I can't post pics from Photo Bucket to the forums today...no idea why. Everything seems normal, but I have repeatedly clicked the review button and pics don't show, just the codes.

Eric


----------



## cowgirl (Jul 29, 2010)

worked that time but I'm not sure what I did.

Eric, I just tried several times and can't get a pic to post. Not sure what is wrong!  I'll keep trying.


----------



## forluvofsmoke (Jul 29, 2010)

cowgirl said:


> Eric, I just tried several times and can't get a pic to post. Not sure what is wrong!  I'll keep trying.


Here ya go, Jeanie...try what's mentioned here by Jerry...I remember doing this at the start with the new huddler platform, but haven't done it this way for quite awhile. Works out fine, just a few extra steps involved.

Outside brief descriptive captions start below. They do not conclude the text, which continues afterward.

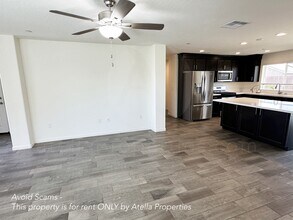 1373 S Autumn Breeze Ct in Hanford, CA - Building Photo - Building Photo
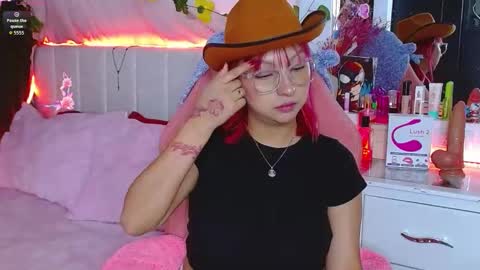 Snapshot of littlerouse_ chatting on October 10, 3:45 am Ruby Rouse online show from October 10, 3:45 am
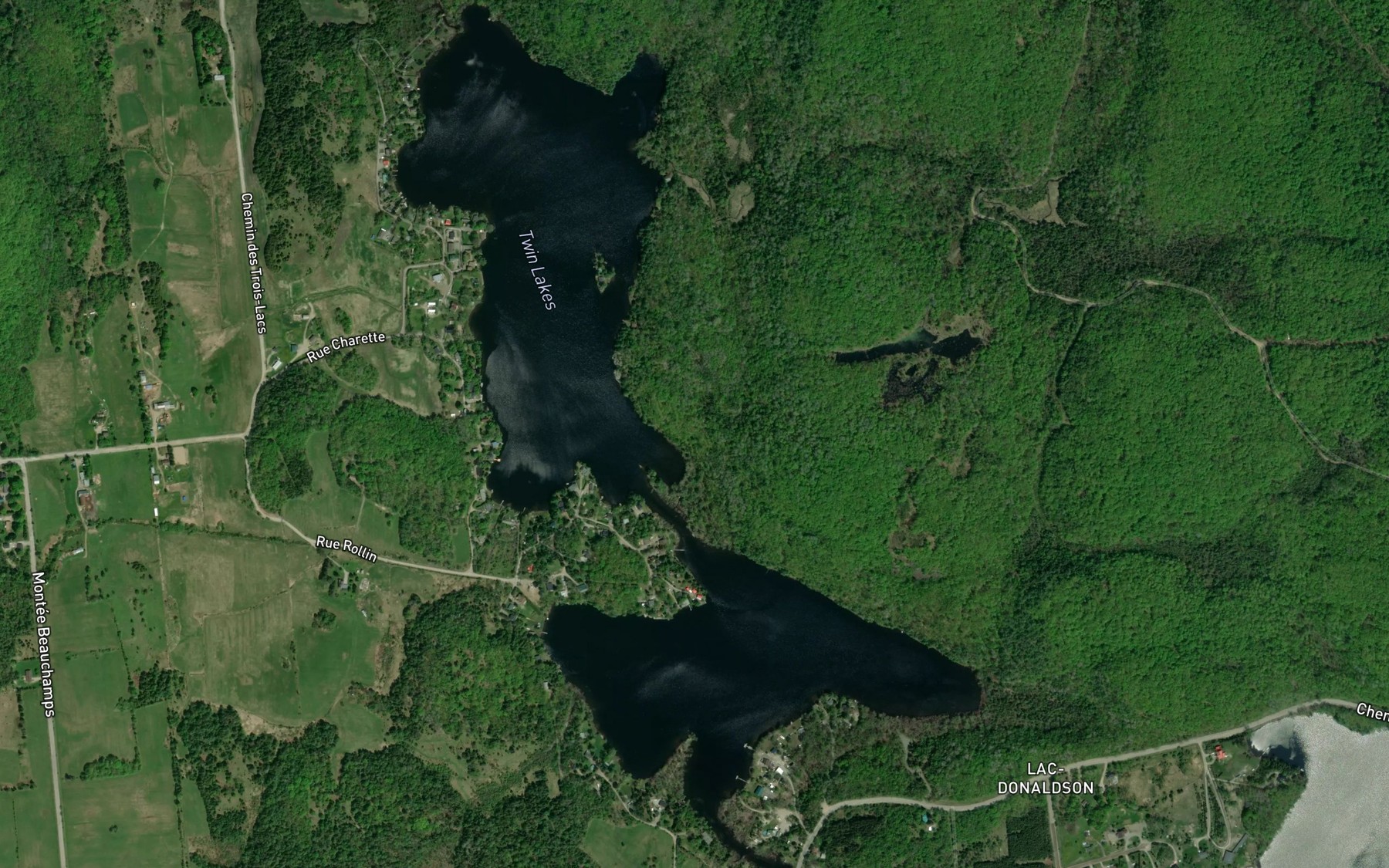 Satellite map of the Lacs Twin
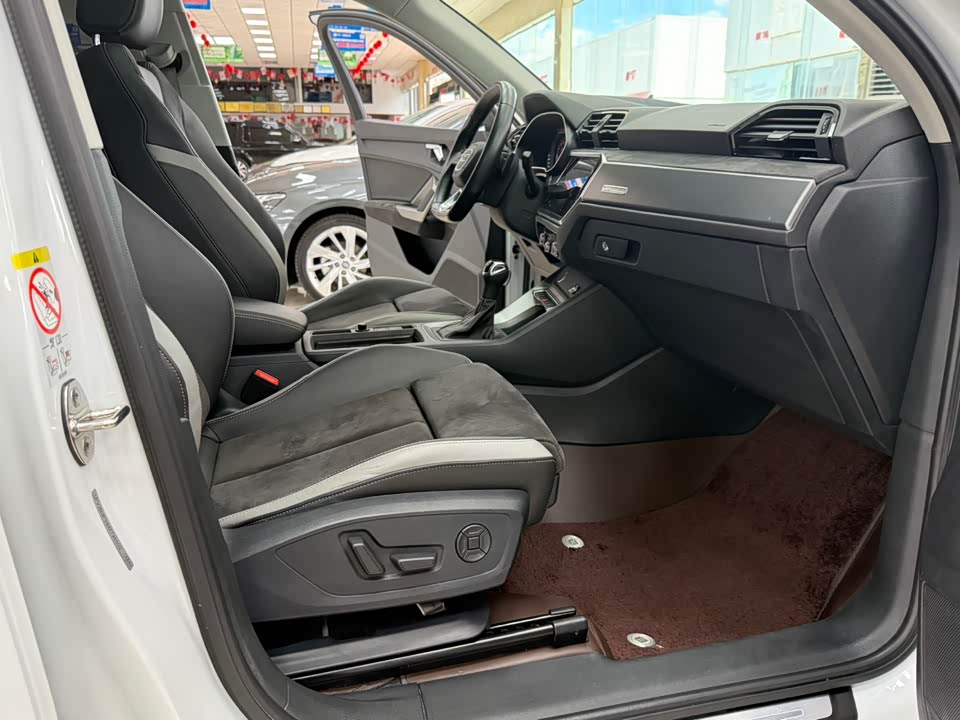 Audi Q3 Audi Q3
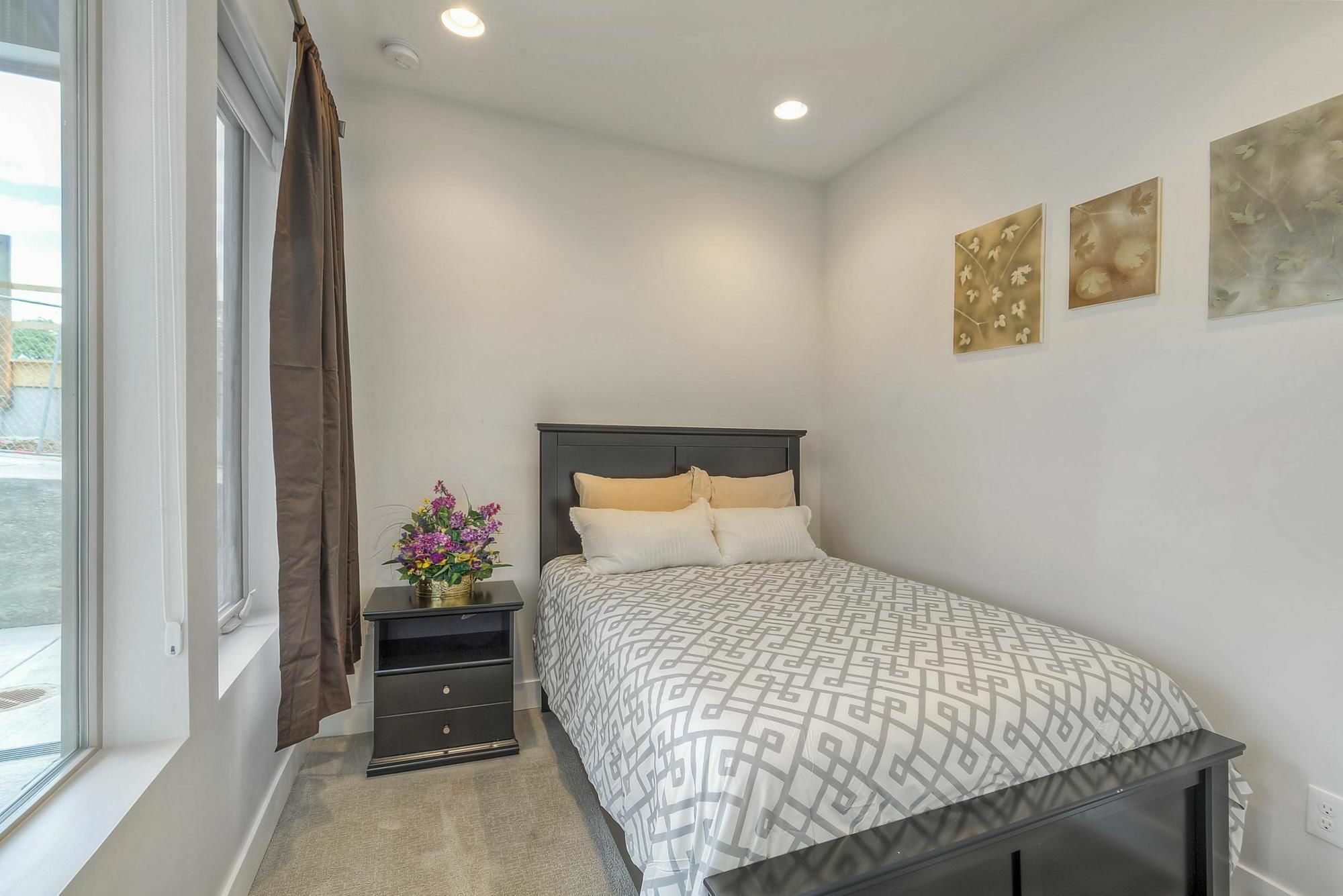Views Rooftop Deck! Lohi/downtown Sleeps 8! Bed & Breakfast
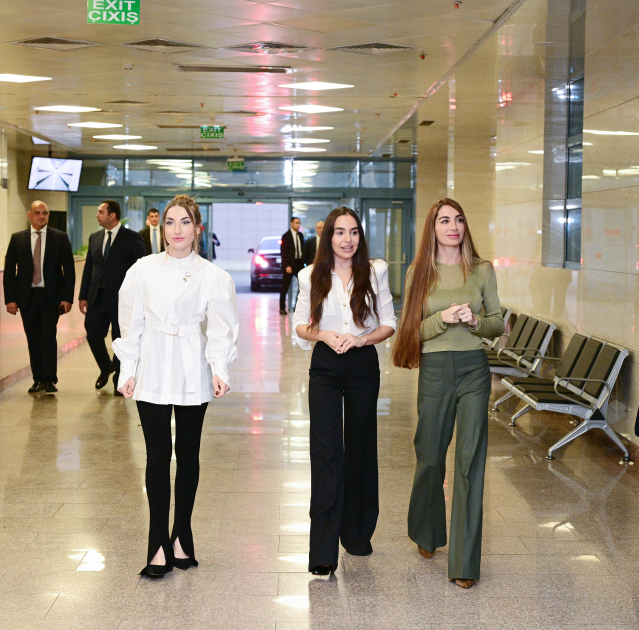 Yeni Klinikada Yeni Robotik Reabilitasiya və Sümük İliyi Transplantasiyası mərkəzlərinin açılış mərasimi olub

http://www.smokingmeatforums.com/fo...w-after-clicking-preview-button-on-new-thread

Happy posting & smoking!

Eric


----------



## cowgirl (Jul 29, 2010)

test......


----------



## cowgirl (Jul 29, 2010)

forluvofsmoke said:


> Here ya go, Jeanie...try what's mentioned here by Jerry...I remember doing this at the start with the new huddler platform, but haven't done it this way for quite awhile. Works out fine, just a few extra steps involved.
> 
> http://www.smokingmeatforums.com/fo...w-after-clicking-preview-button-on-new-thread
> 
> ...


Thanks Eric!


----------



## Bearcarver (Jul 29, 2010)

Worked OK for me:







Bearcarver


----------



## cowgirl (Jul 29, 2010)

Bear those are cute! 
	

	
	
		
		



		
		
	


	





   You do nice work!!


----------



## rdknb (Jul 29, 2010)

nice carving bear


----------



## forluvofsmoke (Jul 29, 2010)

Ha-ha!! Talk about multi-talented!!!!!!!!!!

Nice work, Bearcarver!

Eric


----------



## bmudd14474 (Jul 30, 2010)

I had the same issue tonight when using html code. What I did to resolve this was to hit the source button in the top left of the box then put all the text and html code from photobucket in there. Then hit Preview and it worked.


----------



## Bearcarver (Jul 30, 2010)

Thanks Jeanie, Warren, and Eric,

I wanted to test posting a picture, and those 5 started crying, "Put us in, Put us in, Bearcarver ! "

Bearcarver


----------